Perplexity AI CEO Aravind Srinivas took the stage at Computex 2026 in Taipei on June 2 alongside Intel CEO Lip-Bu Tan to demonstrate what the company calls the first hybrid local-server inference orchestrator. The system automatically decides, in real time and mid-task, which AI workloads stay on a user’s device and which get routed to frontier models in the cloud. The feature is expected to arrive in Perplexity Computer in July 2026.
How the Routing Works
A compact AI model runs locally on the user’s device and acts as a classifier. For each incoming task or subtask, it evaluates three things: whether the data is sensitive, whether the computation requires frontier-scale capability, and whether a smaller model can handle the work adequately.
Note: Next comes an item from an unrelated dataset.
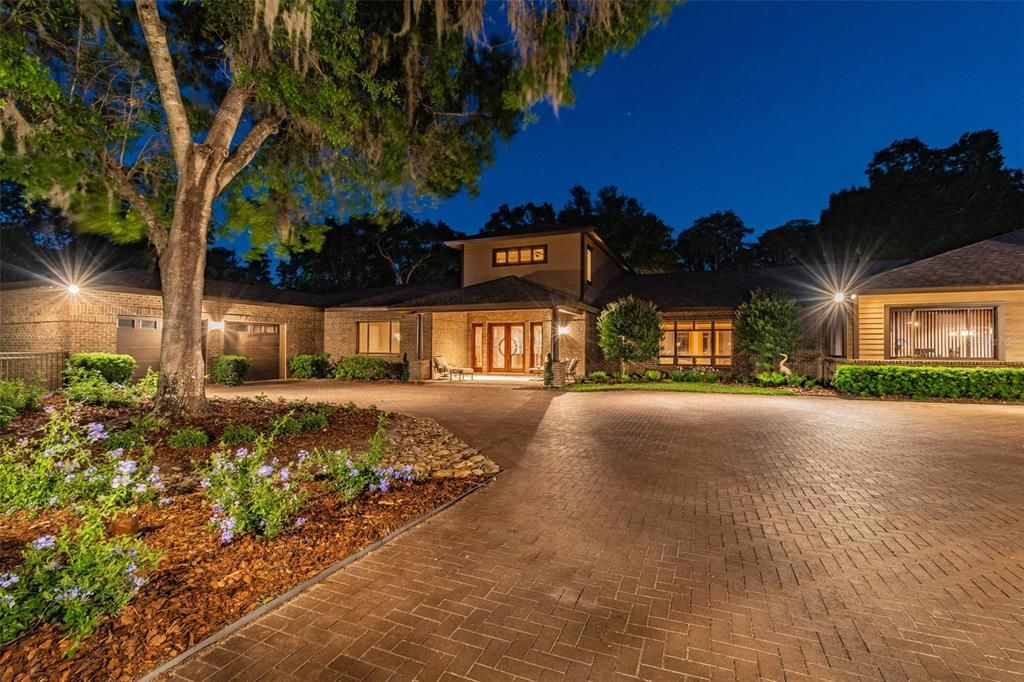 10725 Lake Alice Cove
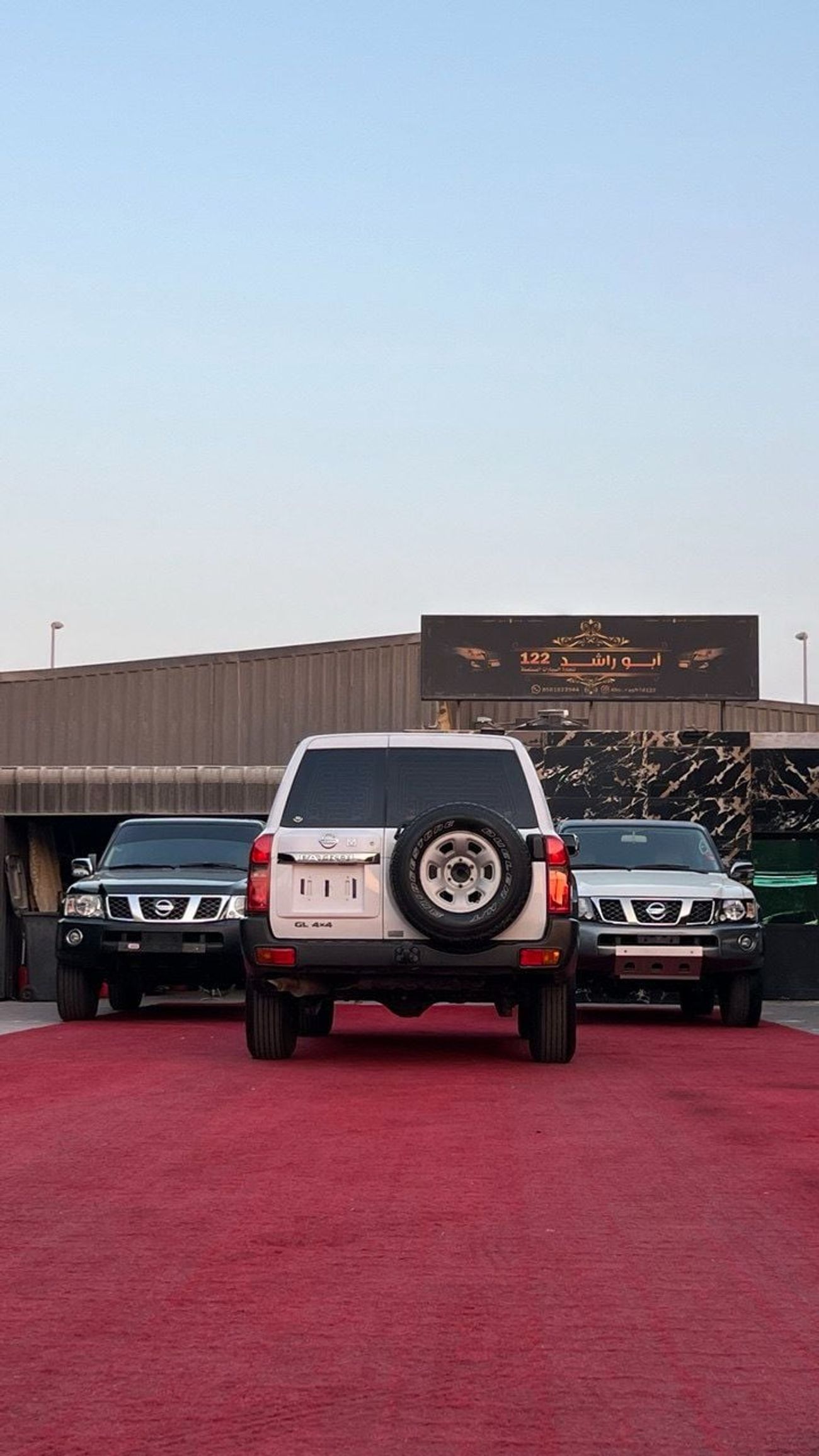 Nissan Patrol Safari GL 4.8L A/T (7 Seater)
Based on that evaluation, work either stays local or goes to the cloud.
Financial records, health information, and personal files stay on-device. Tasks requiring heavy reasoning get routed to frontier models. Most real workflows involve both, so the system splits them and coordinates the pieces, according to Perplexity’s announcement.
“No product has done this before,” a Perplexity spokesperson told VentureBeat. The system asks for user permission before sending sensitive tasks to the cloud, a design choice aimed at enterprise data governance concerns.
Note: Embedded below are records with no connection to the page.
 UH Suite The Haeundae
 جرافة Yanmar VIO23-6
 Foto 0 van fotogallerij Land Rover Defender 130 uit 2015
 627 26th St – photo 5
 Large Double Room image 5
The claim is not that a model can run locally. Dozens of tools already do that. The distinction, as VentureBeat noted, is that Perplexity’s system makes the routing decision itself, task by task, without requiring the user to choose in advance.
Product Context
Perplexity Computer launched in February 2026 as a cloud-based multi-model agent that coordinates up to 20 AI models in a single workflow, available on the $200/month Max subscription tier. Personal Computer, a Mac app that brought those capabilities onto the local device with access to local files and native apps, launched in April 2026.
The hybrid orchestrator extends Personal Computer’s architecture. Previously, the division of labor was relatively fixed: local file access on-device, heavy computation on Perplexity’s servers. The new system reasons about where each piece of a task should execute, not just which model to use but which physical location should process it.
The Cost Angle
Srinivas has been explicit about the economics. In a Bloomberg Television interview at Computex, he said: “You don’t want all your compute centralized in servers and everything running through the largest models. Some people are spending half a billion dollars per month. What you actually want is efficient value per watt per user,” according to Decrypt.
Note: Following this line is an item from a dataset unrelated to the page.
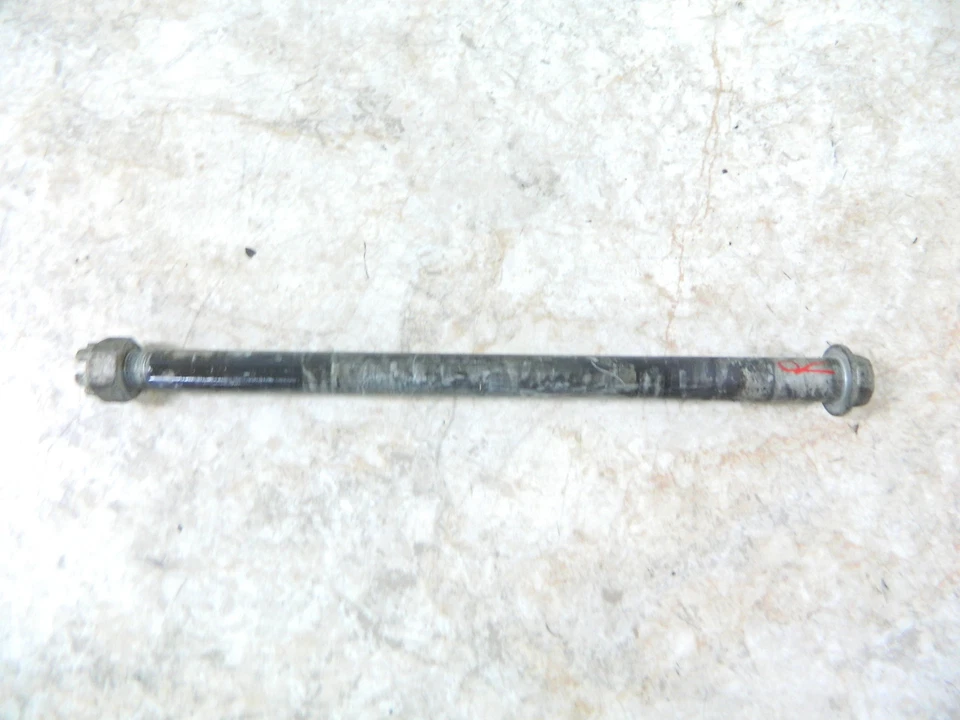 01 Kawasaki ZR 7 750 H ZR7 S ZR750 rear back axle shaft bolt - Imagem 1 de 1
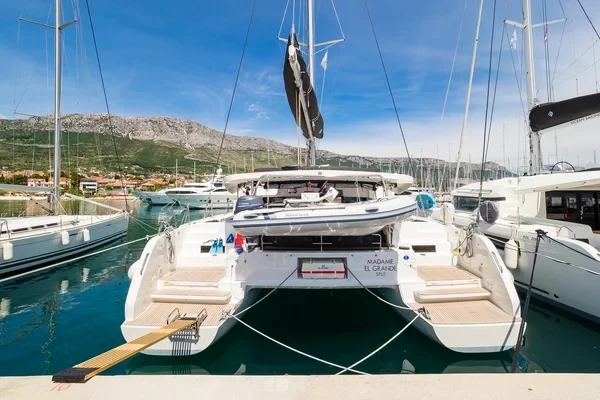 Lagoon 46 - Boatscribe.com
Perplexity’s revenue grew fivefold to $500 million while headcount rose just 34%, per Decrypt. Offloading inference to user hardware extends that efficiency ratio.
Hardware Partners
The demonstration ran on Intel Core Ultra Series 3 processors. Perplexity confirmed the orchestration framework is model-agnostic and chip-agnostic, also supporting Nvidia RTX Spark hardware, according to MarkTechPost.
The timing aligns with the broader Computex 2026 theme: on-device AI. Nvidia’s RTX Spark superchip offers up to 20 Arm CPU cores, a Blackwell GPU with 6,144 CUDA cores, and 128GB of LPDDR5X RAM, enough for 120-billion-parameter models with million-token context lengths. RTX Spark systems begin shipping in the fall, per VentureBeat.
Who Owns the Routing Layer
The strategic bet is straightforward: whoever controls the routing layer between local and cloud inference controls where agent compute happens, what data stays private, and which models get called. For agent builders, this pattern, automatic hybrid orchestration across local and cloud, is likely to become a standard infrastructure expectation rather than a novelty. For enterprises evaluating agent platforms, the question shifts from “which model do we use” to “who decides where inference runs, and can we trust that decision.”